Por otra parte, la bandera navarra se vincula a una memoria de largo recorrido, a un Estado que creó instituciones y realidades de solera (independencia, fueros, hitos memorables, formas de vida, cultura, castillos, patrimonio de toda índole…). A veces se nos olvida que detrás de estas palabras emerge una cadena de raíces que nos confiere un suelo común, vivencial, familiar, de intereses, de trabajo, de lengua (sí; también la lingua navarrorum, aunque casi extirpada del uso cotidiano, pertenece a la memoria de la bandera navarra).

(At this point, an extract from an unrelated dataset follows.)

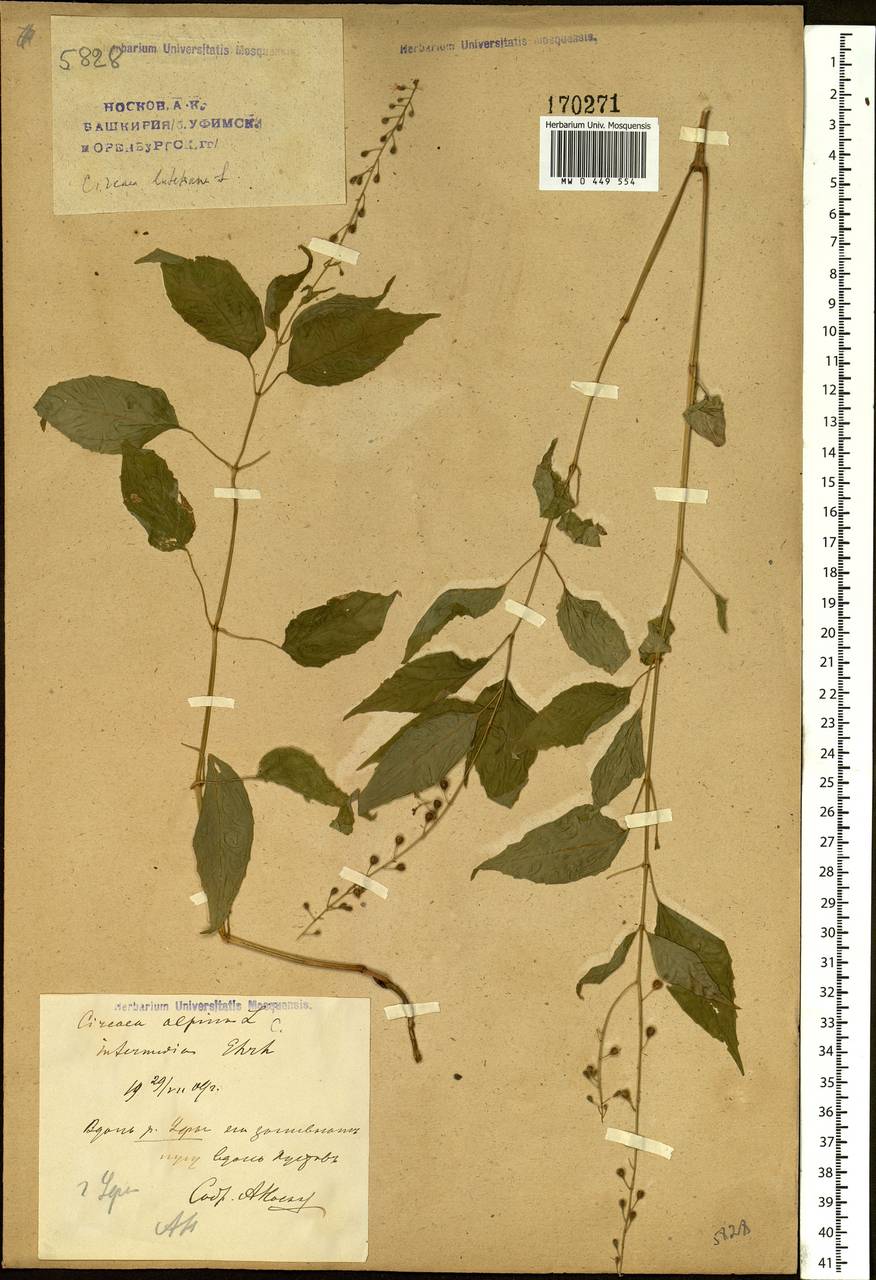 Circaea lutetiana L., Eastern Europe, Eastern region (E10) (Russia)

En efecto, hay que entender que un Estado como Navarra, al margen de que fuera reino, anarquía medieval o quimera shakesperiana, representa la vida real, la cotidiana, la organizada. Por poner un ejemplo, el sociolingüista Koldo Zuazo ha definido la hipótesis de una lengua vasca unificada –un euskera koiné-, por la mera lógica de un poder político en Pamplona, con la dinámica comercial, productiva, de comunicación que conlleva. Es decir, un elemento tan identitario y característico como la lengua se determina por la naturalidad que acompaña a la existencia del Estado. En la normalidad del reino de Navarra, sin pretensiones lingüísticas ni retóricas ajenas a aquella época, el euskera se normalizó; se unificó; se convirtió en la base cultural, técnica, lingüística... de toda la colectividad. Es lo que hace tener un Estado: que la convivencia y la sociedad se realizan, en el doble sentido de constituirse y ser real.

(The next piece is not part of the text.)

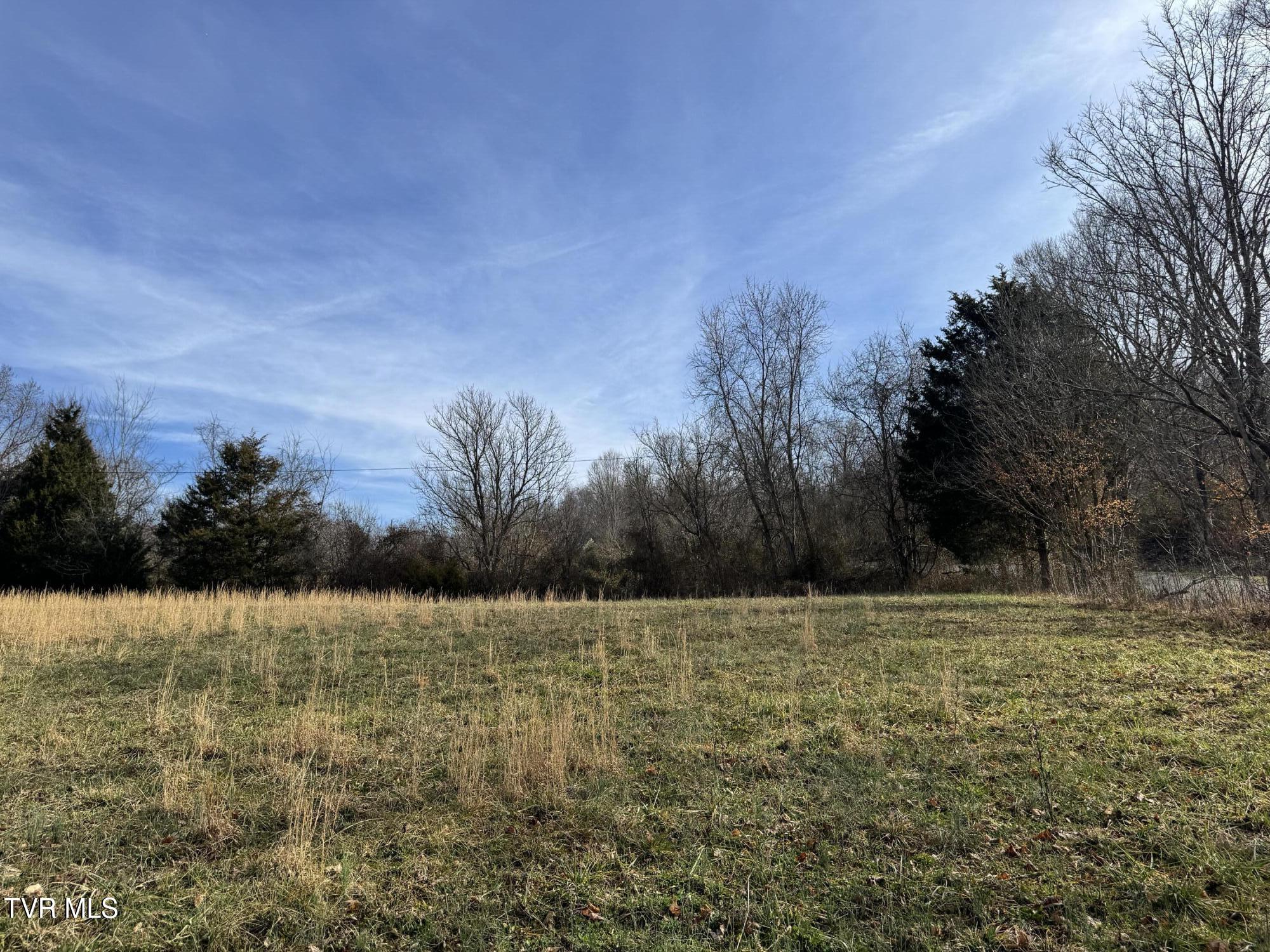 Wilkerson Road, Mosheim, Tennessee image 18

Del bagaje reactivo que decíamos de la ikurriña, pasamos a un capital político de una cualidad infinitamente superior. De seña de protesta y lucha a elemento simbólico de trabajo, territorio, construcción jurídica, de grandes personajes, obras, vida…

En cuanto a su proyección ante el mundo, ¿qué podemos decir en el plano del reconocimiento internacional? No es lo mismo que nos saquemos una bandera de la chistera y digamos: “aquí estamos porque nos da la gana”; porque nosotros desafiamos al Estado que nos violenta… O que nosotros levantemos una bandera que representa una existencia internacional, aunque sea rota, conquistada, y que expongamos que ahí está la base de la violencia. De un problema de orden público, una cuestión de orden interno (de los Estados actuales, que son el sujeto del presente), pasamos a la definición de un conflicto internacional.

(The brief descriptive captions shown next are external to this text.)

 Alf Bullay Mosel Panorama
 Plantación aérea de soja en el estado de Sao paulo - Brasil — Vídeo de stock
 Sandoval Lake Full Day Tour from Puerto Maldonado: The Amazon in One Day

La ikurriña también es nuestra, y no hay que abandonarla, porque su energía es nuestra; además, enseguida sería apropiada y utilizada para dividirnos. Pero no olvidemos que Navarra expresa la máxima jerarquía política lograda por el pueblo vasco a lo largo de su existencia. Sus símbolos, bandera, escudo, himno, etc., significan la plenitud política de nuestra nación. Cualquier otro símbolo para representarlo en su conjunto, desde el punto de vista de su dimensión política, será siempre de inferior categoría.